И там, в заподземном глухом тупике, мы продолжали бой. Он
сдавливал меня змеиной хваткой, а я разил его мечом, и он бежал от меня
по извилистым узким проходам, не кирками народа Дарина прорубленным,
о Гимли, сын Глоина. Так глубоко не забирался ни один гном; каменные
корневища гор источены безымянными тварями, неведомыми самому
Саурону, ибо они древнее его. О тамошнем кромешном ужасе я молчу, чтоб
не омрачить дневной свет. Выбраться оттуда я мог лишь вслед за врагом; я гнался за ним по пятам, и волей-неволей он вывел меня наконец к
потайным ходам Казад-Дума: вверх и вверх вели они, и мы очутились на
Бесконечной Лестнице.
– О ней уж и память изгладилась, – вздохнул Гимли. – Одни говорят, что это – сказка, другие – что Лестницу давным-давно разрушили.
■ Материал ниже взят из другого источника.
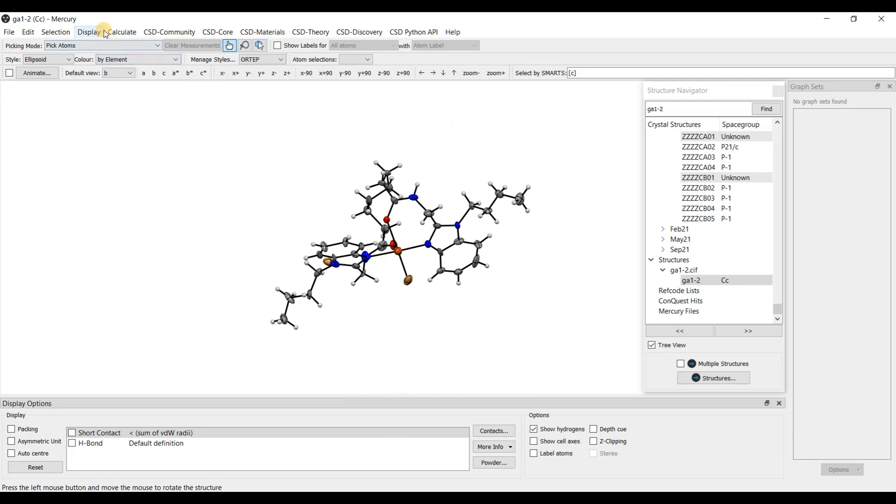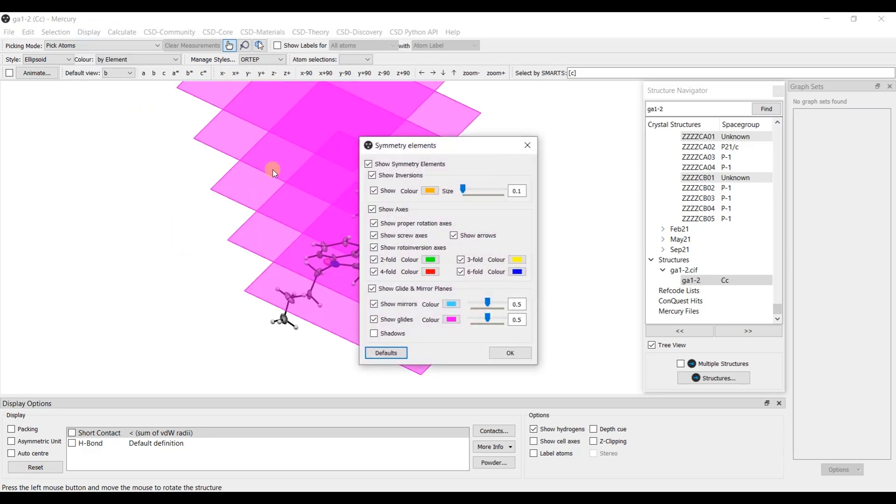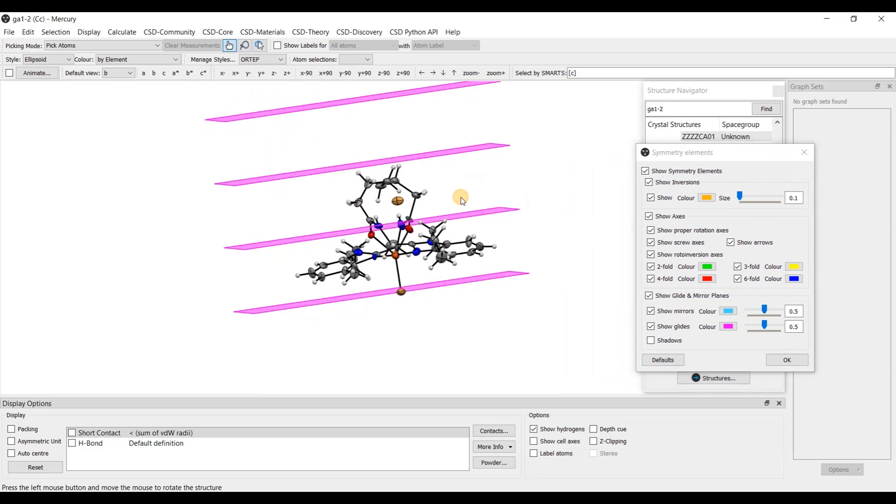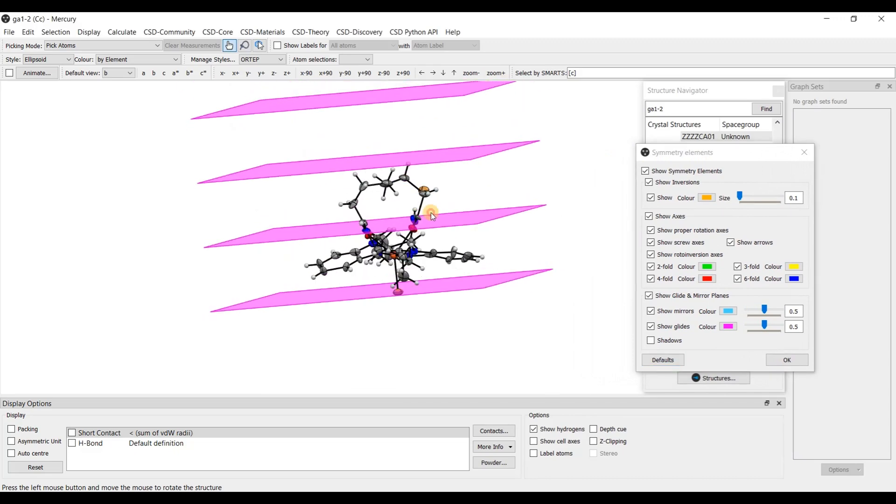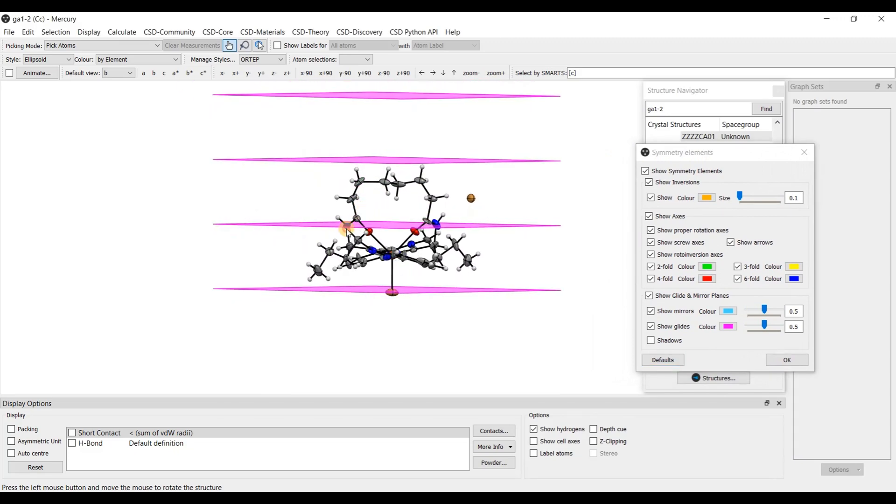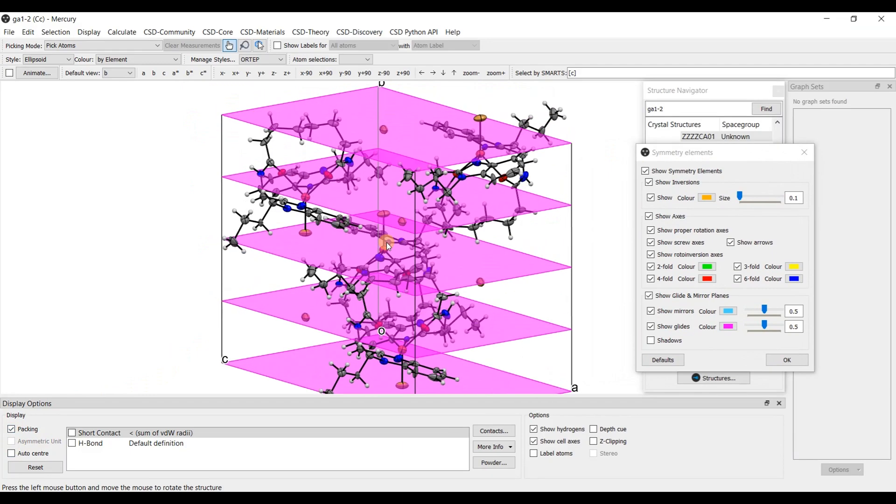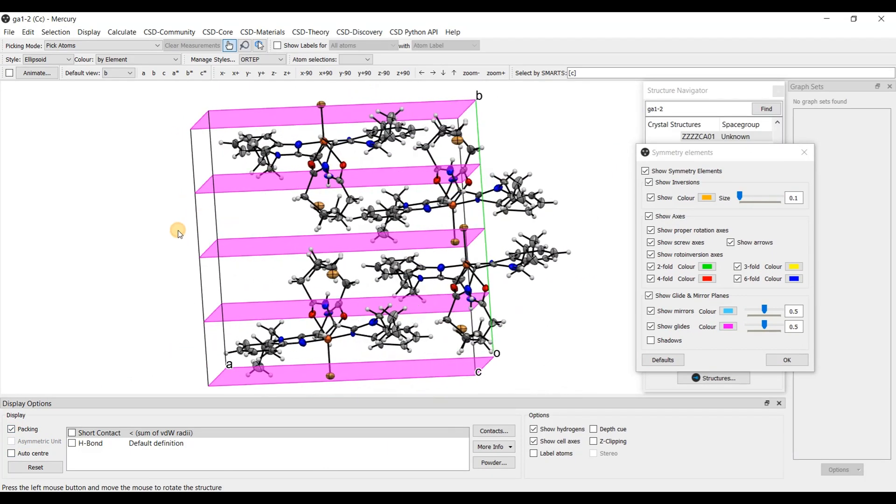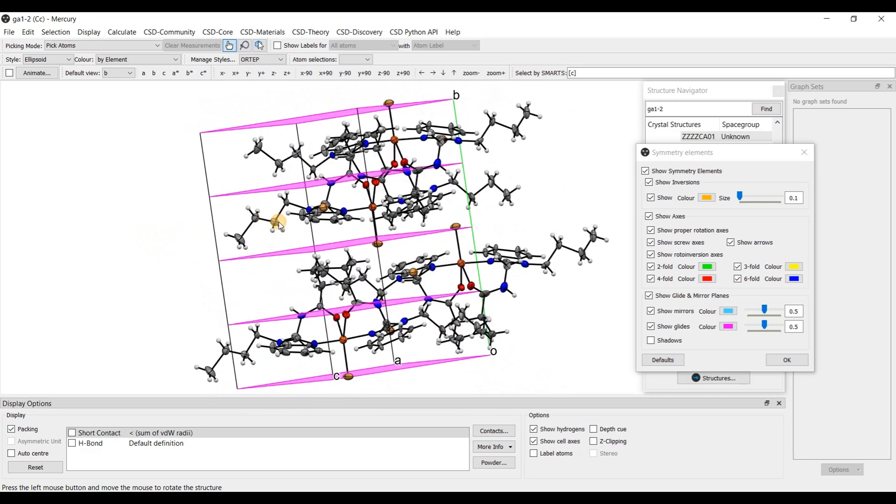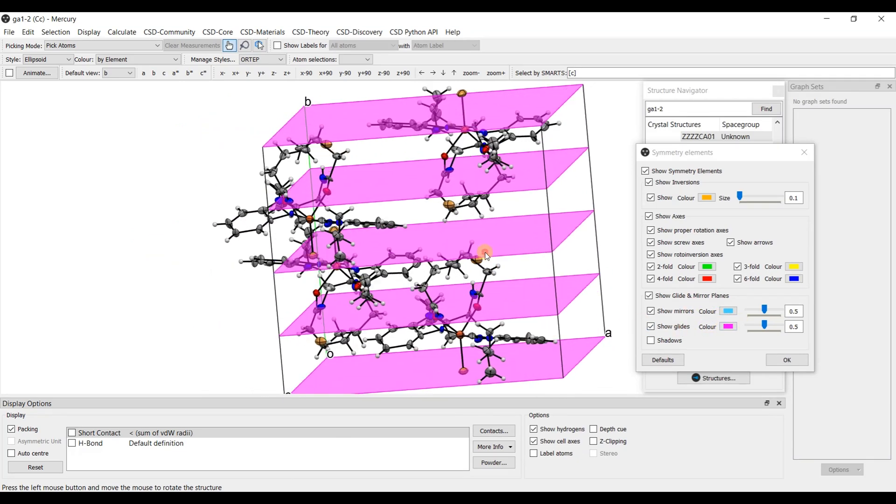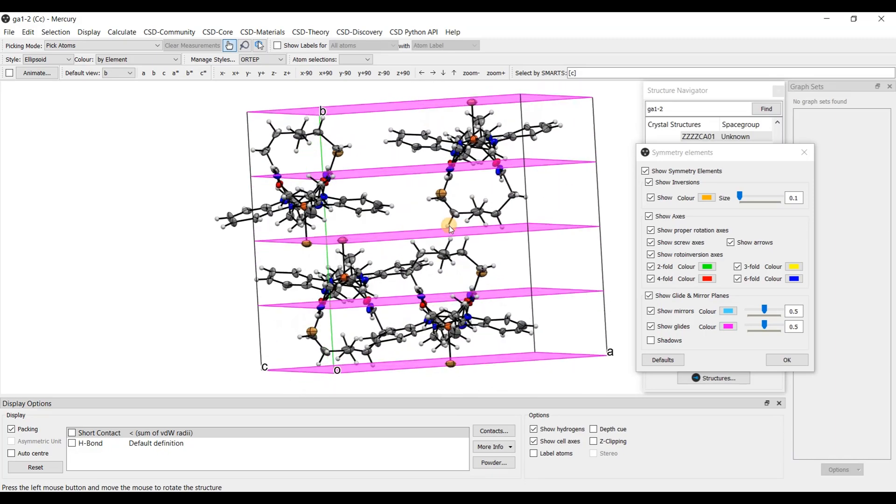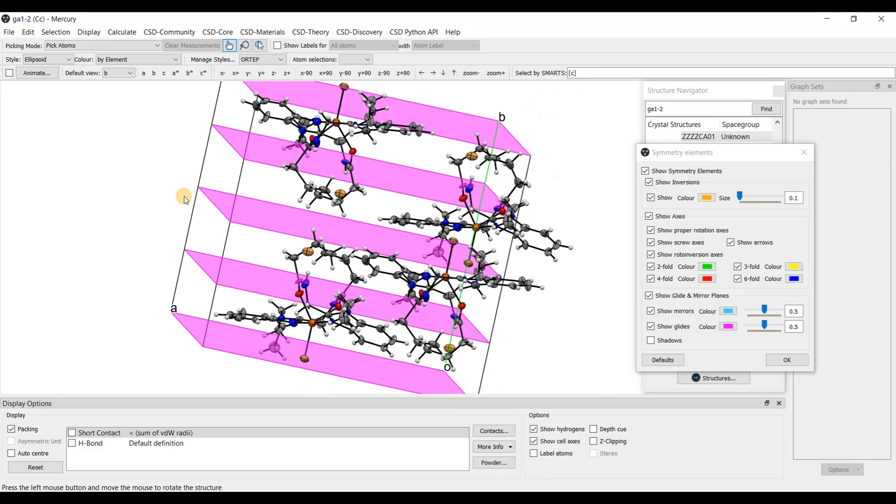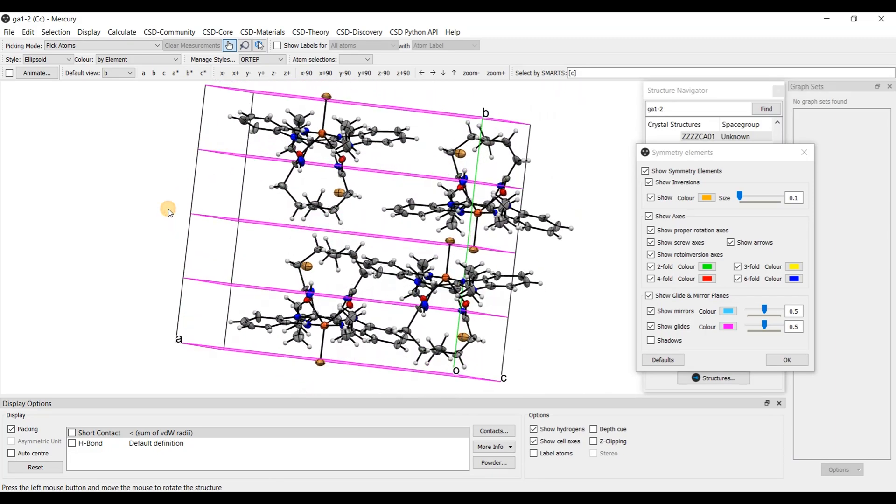I am going here display symmetry elements. And it will display the symmetry element present in the unit cell. So only symmetry element present is c glide plane.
– Это не сказка, и давным-давно ее не разрушили. В ней много тысяч
ступеней, и винтом восходит она от каменных подземелий к Башне Дарина,
вытесанной в остроконечной скале, вершине Зиракзигила, иначе Среброга,
Келебдора по-среднеэльфийски.
Там, за одиноким окном, прорезью в оснеженном льду, был узкий
выступ, точно орлиное гнездовье над мглистым покровом гор. Сверху
ярилось солнце, внизу залегли облака. Я выпрыгнул наружу вслед за ним, а
он вспыхнул огненной головней. Ничьи глаза не видели этого Поединка на
Вершине Вершин, а то бы песни о нем, может статься, пережили века. – И
Гэндальф вдруг рассмеялся. – Но о чем тут слагать песни? Издали заметили
только страшную грозу на вершине Келебдора: грохотал, говорят, гром, и
молния за молнией разрывались лоскутьями пламени. Может, для песен и
этого хватит? Дым стоял над нами столбом, клубился смрадный пар,
сыпалось ледяное крошево. Я одолел врага; он низвергся с заоблачных
высот, в паденье обрушивая горные кручи. Но тьма объяла меня, и я
блуждал в безначальном безвременье, путями, тайна которых пребудет
нерушима.
Нагим меня возвратили в мир – ненадолго, до истечения сроков. И
очнулся я на вершине горы. Ни окна, ни самой Башни не было; Лестницу
загромоздили груды обожженных каменьев. Я лежал один, не чая спасенья
и помощи ниоткуда, на кремнистой крыше мира. Надо мною вершился
звездный круговорот, и дни казались мне веками. Я внимал смутному,
слитному ропоту земного бытия: предсмертным крикам и воплям рожениц,
застольным песням и погребальному плачу и медленным, тяжким стонам
утомленного камня. И прилетел Гваигир Ветробой; он меня поднял и понес
неведомо куда.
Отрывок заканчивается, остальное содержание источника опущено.